Bitcoin, however, should be exempt according to blockchain technology advocate Gensler.
“Over 1,000 previously issued initial coin offerings, and over 100 exchanges that offer ICOs, are going to need to sort out how to come into compliance with U.S. securities law.”
Gensler believes that although blockchain experiments are in their early stages, blockchain technology could replace many of the parts of the financial industry.
Cryptocurrency experts, Gensler included, believe Bitcoin will not be classed as a security because it didn’t originate from an ICO. The Bitcoin blockchain is also maintained by a decentralized group of developers. Litecoin and Monero are similar to Bitcoin in this way. He has also said that Ethereum could avoid the classification as Ethereum is now more decentralized, with no one body controlling its future.

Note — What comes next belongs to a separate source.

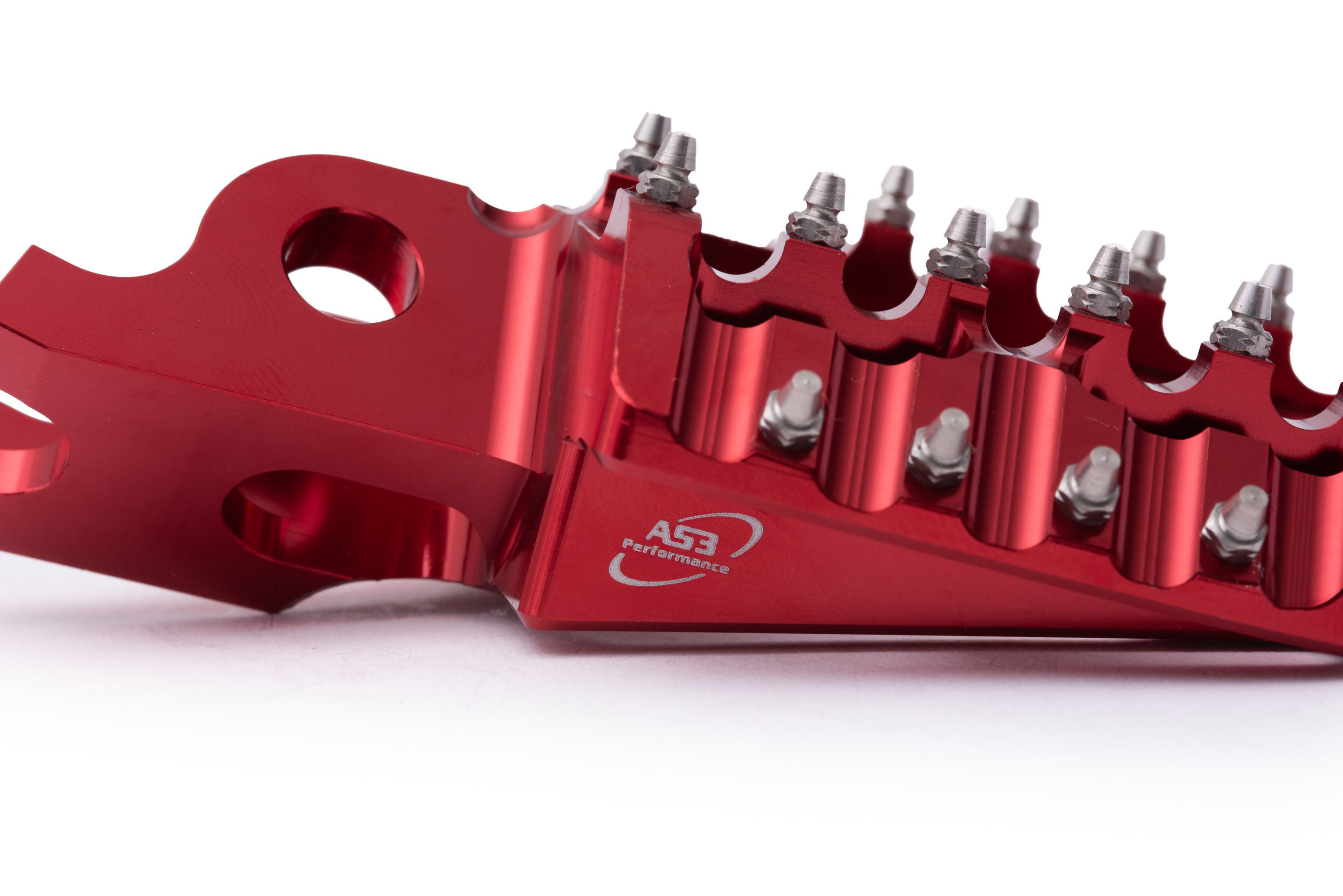 AS3 Performance Extra Large Red Foot Pegs for Honda CR 125 (2002 - 2008), CR 250 (2002 - 2008), CRF 150 (2007 - 2025), CRF 250 (2004 - 2025), CRF 300 (2021 - 2024), and CRF 450 (2002 - 2025)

Proponents and groups have argued Ethereum’s case with the U.S SEC. The head of the Ethereum Foundation, Aya Miyaguchi confirmed to The New York Times that the foundation:
“Neither controls the supply of, nor has the ability to issue Ether, and the quantity of Ether that the foundation holds (under 1 percent of all Ether) is already lower than that held by many other ecosystem participants.”
Ripple’s argument is weaker as Ripple hold most of the Ripple (XRP) tokens. A Ripple spokesperson, Tom Channick, said:
“XRP does not give its owners an interest or stake in Ripple, and they are not paid dividends. XRP exists independent of Ripple, was created before the company and will exist after it.”
If the U.S SEC decides certain coins are securities, the action will restrict U.S citizens from trading these coins on certain exchanges and could drive down the value of the regulated coins.